Caley: All your gear is permanent when you find it. It appears in town and you have to get your blacksmith to make it. You also find treasures in each area that add as currency that you can use in town. Or you can use it for the personal trainer to progress the skill trees. The items start off relatively cheap then starts to get more and more expensive, encouraging players to try to get further. We have four different levels and they each have a different theme. It’s almost like a dungeon with different levels that get progressively harder as you go ending with bosses.
Herobyclicking: What do you feel that you have done differently with Viking Squad?
Jesse: Probably the lane system
Caley: So basically when you are playing a brawler you can move across the screen. Viking Squad is not as granular. You actually snap to planes on the vertical screen. You line up perfectly with your targets. There is never a question who you are going to be hitting or what attacks you have to dodge. You can be guaranteed that jumping out of the way at a certain point in time is going to escape that attack. That plays into the players skill a little higher. It lets people make informed decisions. They can feel not so ripped off if something hits them.
Jesse: We all have thrown a knife in Final Fight and it just whiffs by everybody, because the Z access is a little bit wishy-washy.

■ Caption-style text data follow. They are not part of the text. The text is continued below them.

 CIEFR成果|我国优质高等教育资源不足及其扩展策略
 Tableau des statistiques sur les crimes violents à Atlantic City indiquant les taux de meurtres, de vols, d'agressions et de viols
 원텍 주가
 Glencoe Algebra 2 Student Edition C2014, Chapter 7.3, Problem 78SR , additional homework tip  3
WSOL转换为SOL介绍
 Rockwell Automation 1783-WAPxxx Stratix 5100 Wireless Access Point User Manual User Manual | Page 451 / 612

We tried to bring a little bit of stability and precision to that aspect of brawlers.
It also when our boss attacks and bigger area attacks hit an entire lane, you know you can just shuck out of the way. Whats really cool is to watch people struggle with it at first and then it just clicks. I think that’s the best possible feeling you can have when you make a game, is when somebody just gets what you’re doing. You think, oh good, I’m not just a crazy person.

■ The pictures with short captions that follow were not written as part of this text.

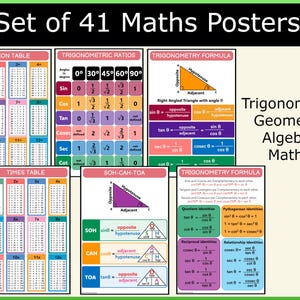 Posters Class 6 Math Math Classroom Decor | Grades 2–6 Math Poster | Educational Wall Chart ...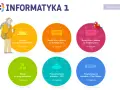 Informatyka klasa 1: nauka obsługi myszy, pisania na klawiaturze, wstęp do programowania i programowanie wizualne.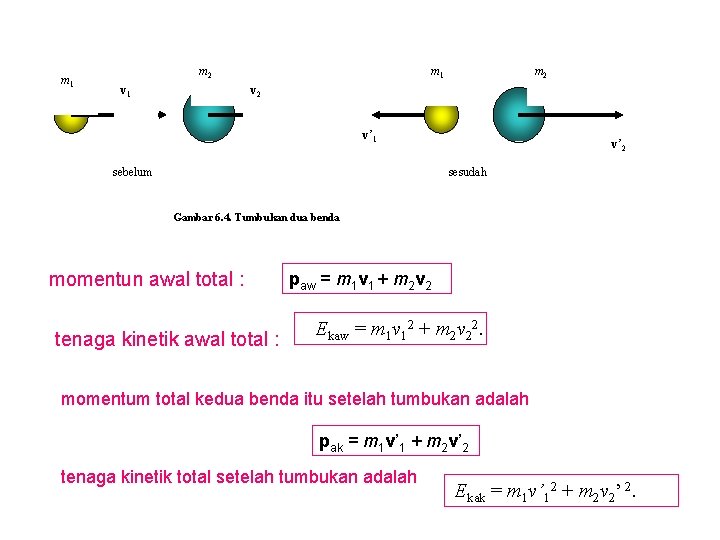 m 1 m 2 v’ 1 sebelum v’ 2 sesudah Gambar 6. 4. Tumbukan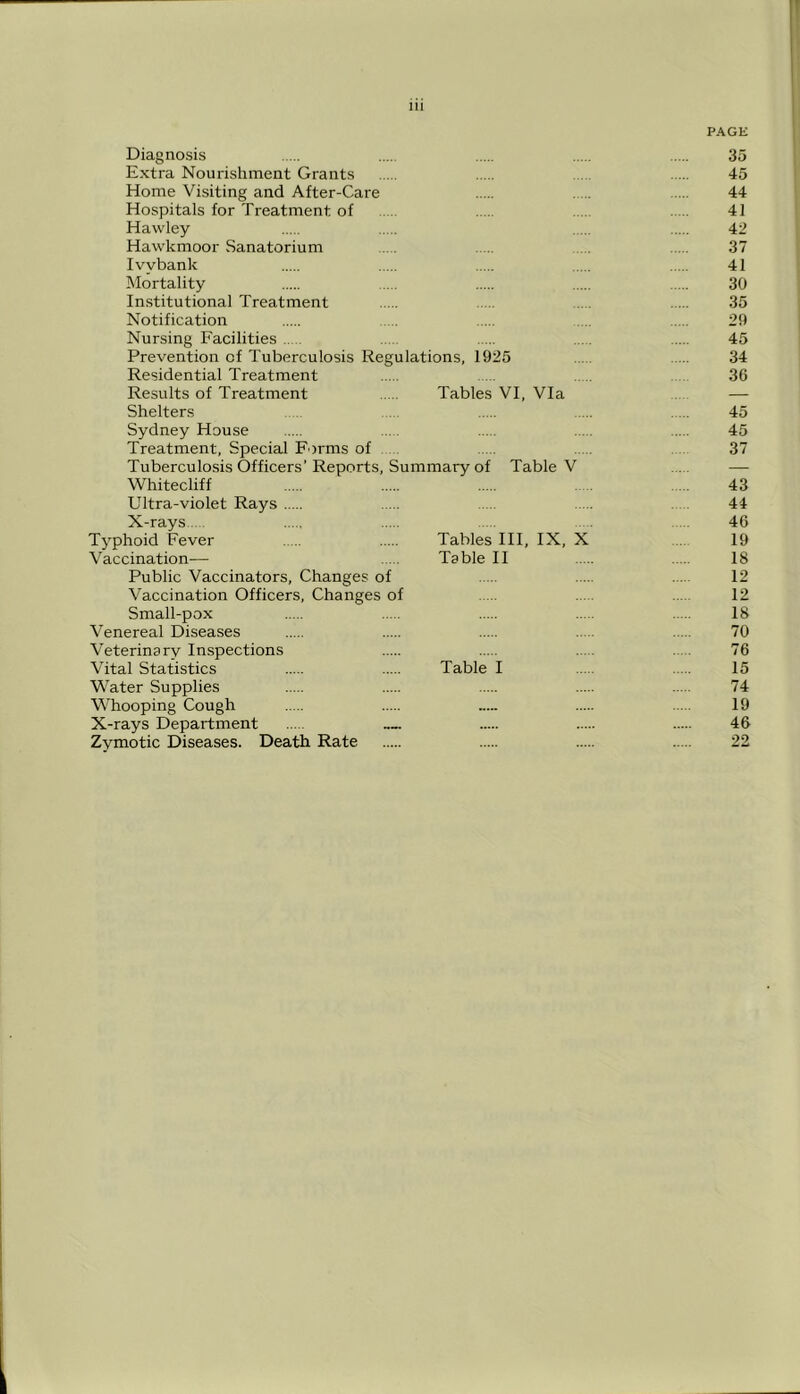 PAGE Diagnosis 35 Extra Nourishment Grants 45 Home Visiting and After-Care 44 Hospitals for Treatment of 41 Hawley 42 Hawkmoor Sanatorium . 37 Ivybank 41 Mortality ... 30 Institutional Treatment .. . 35 Notification . . 20 Nursing Facilities .. .. 45 Prevention of Tuberculosis Regulations, 1925 34 Residential Treatment . 36 Results of Treatment Tables VI, Via . — Shelters .. 45 Sydney House 45 Treatment, Special Forms of 37 Tuberculosis Officers’Reports, Summary of Table V . . — Whitecliff 43 Ultra-violet Rays 44 X-rays . 46 Typhoid Fever Tables III, IX, X . 19 Vaccination— Table II 18 Public Vaccinators, Changes of 12 Vaccination Officers, Changes of 12 Small-pox 18 Venereal Diseases 70 Veterinary Inspections 76 Vital Statistics Table I 15 Water Supplies 74 Whooping Cough .— 19 X-rays Department 46 Zymotic Diseases. Death Rate 22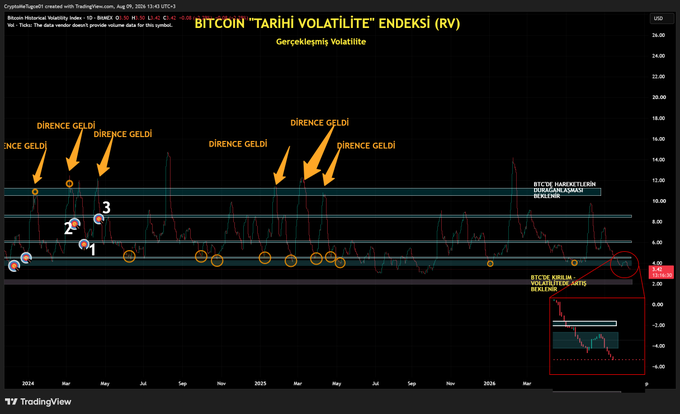 A TradingView chart displays Bitcoin's Historical Volatility Index (RV) on a daily timeframe, marked with Turkish annotations highlighting past "DIRENÇ GELDİ" (resistance arrived) spikes and emphasizing that current volatility has dropped below the annual low average, signaling an imminent sharp upward breakout.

Herobyclicking: What’s you favorite point of the development process on Viking Squad?
Caley: It’s definitely when you get the controller into people’s hands and you see them mentally trying break the game down and figure out all of the components. It starts to click, you see them figure out how to dodge. You see them learn how to knockdown the enemy and get the control aspect of the combat system. THey might die once, but then it starts to click. They get a little more animated and they start gasping when they dodge a move. It’s this process that starts to build up in them.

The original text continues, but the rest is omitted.